Mr Hackett described the summer school as an intensive and voluntary think-tank that will “examine what would happen if we stopped leaving the development of our city to chance and instead started to plan a common vision for how we see ourselves in 2020”.

He wanted everyone in Belfast and beyond its environs to take part in the wider discussions about the plan. “Belfast is our city; it’s our environment, and it’s essential that we create and develop a place that’s accessible, connected and safe. It should be a good place to live in and a good place to invest in,” he said.

“We want to find out exactly how many people could be living within one and a half miles of the City Hall. However, our preliminary study indicates in excess of 20,000 extra people would comfortably be housed in the fractured inner city.
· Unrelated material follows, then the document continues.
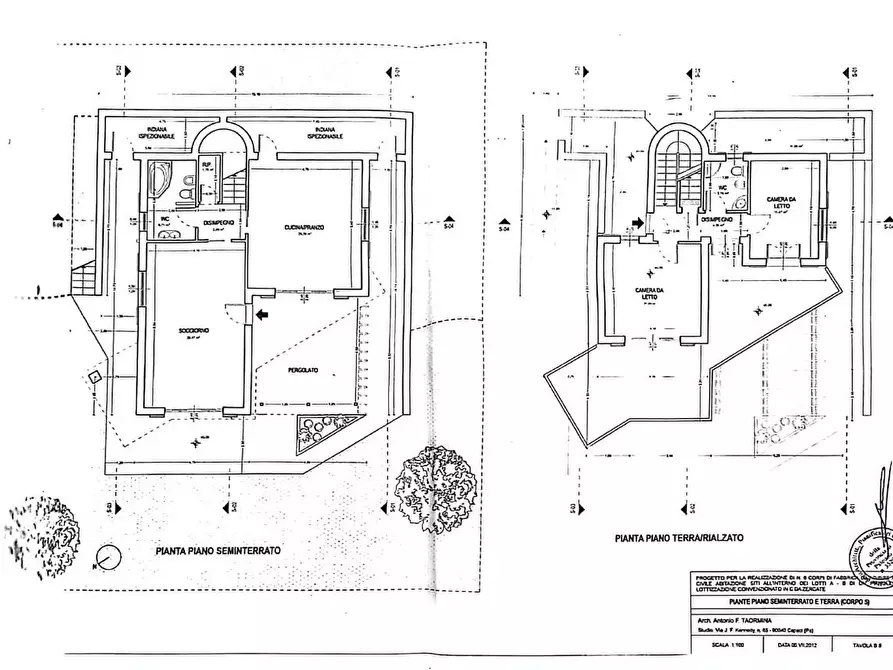 Immagine 21 di Villa in vendita  a Capaci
With that comes the challenge of making new schools, parks and connecting with existing communities in an equitable manner – and doing so with development of enduring built quality,” said Mr Hackett.
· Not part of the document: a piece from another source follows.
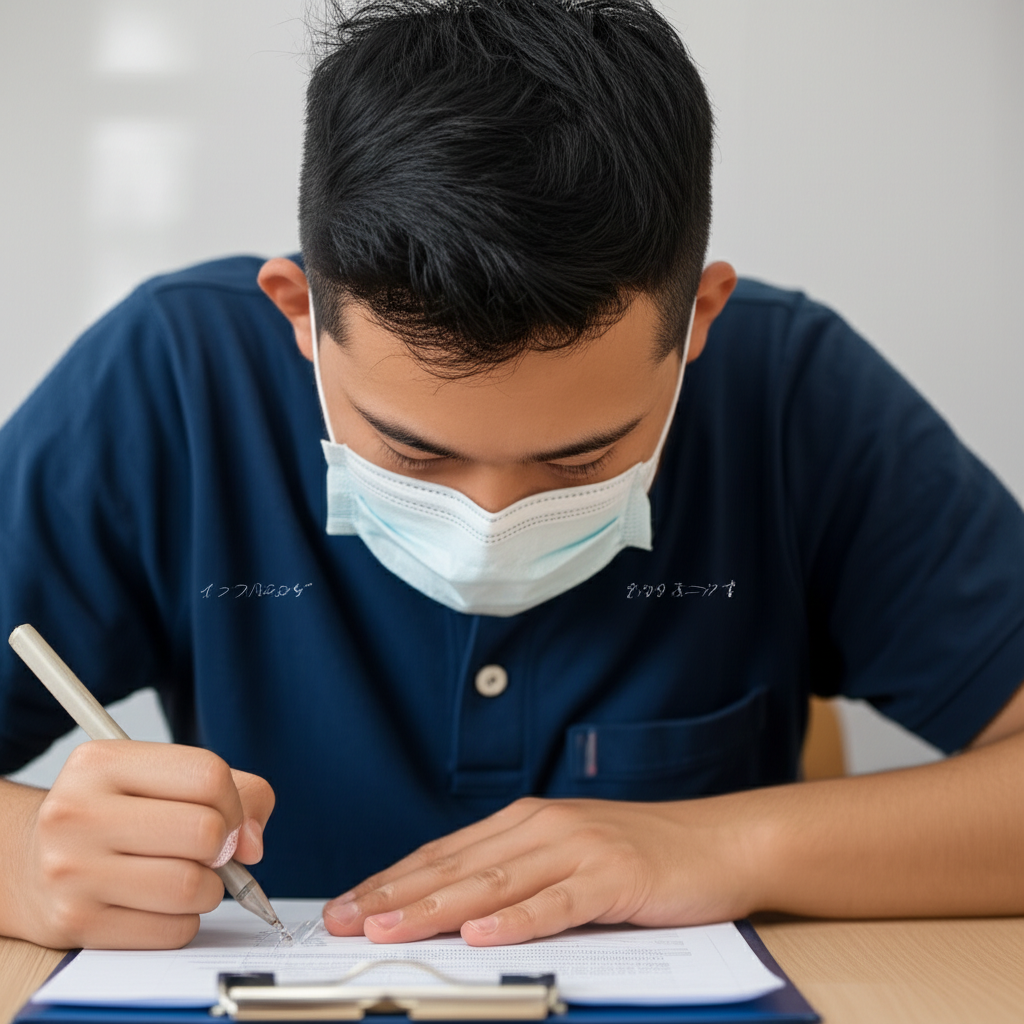 受験シーズンにインフルエンザが流行したときの対策はどうする？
He said the land was lying idle after more than a decade of a construction boom which saw a lot of “hastily planned, profit-focused” development”.

Dr Sterrett said that due to peace walls, sectarian tensions and the general nature of development, Belfast was a “disconnected” city with no seamless links between the north, west, east and south of the city. The proposals of the forum, if implemented, could create a city centre fulcrum that would establish that connection and improve the social fabric of the city.

“This will be about how can we reconnect with the city, how do we create a city where you can walk comfortably, pleasantly and safely between the different parts of Belfast,” he said.

Dr Sterrett acknowledged that Belfast has improved hugely in appearance in the past 10 years or so but that there was still a crucial need to continue development, particularly in the inner city.

“Belfast has come a long way over the last number of years but let us have the confidence to be more visionary about what we want to achieve for the city,” he said.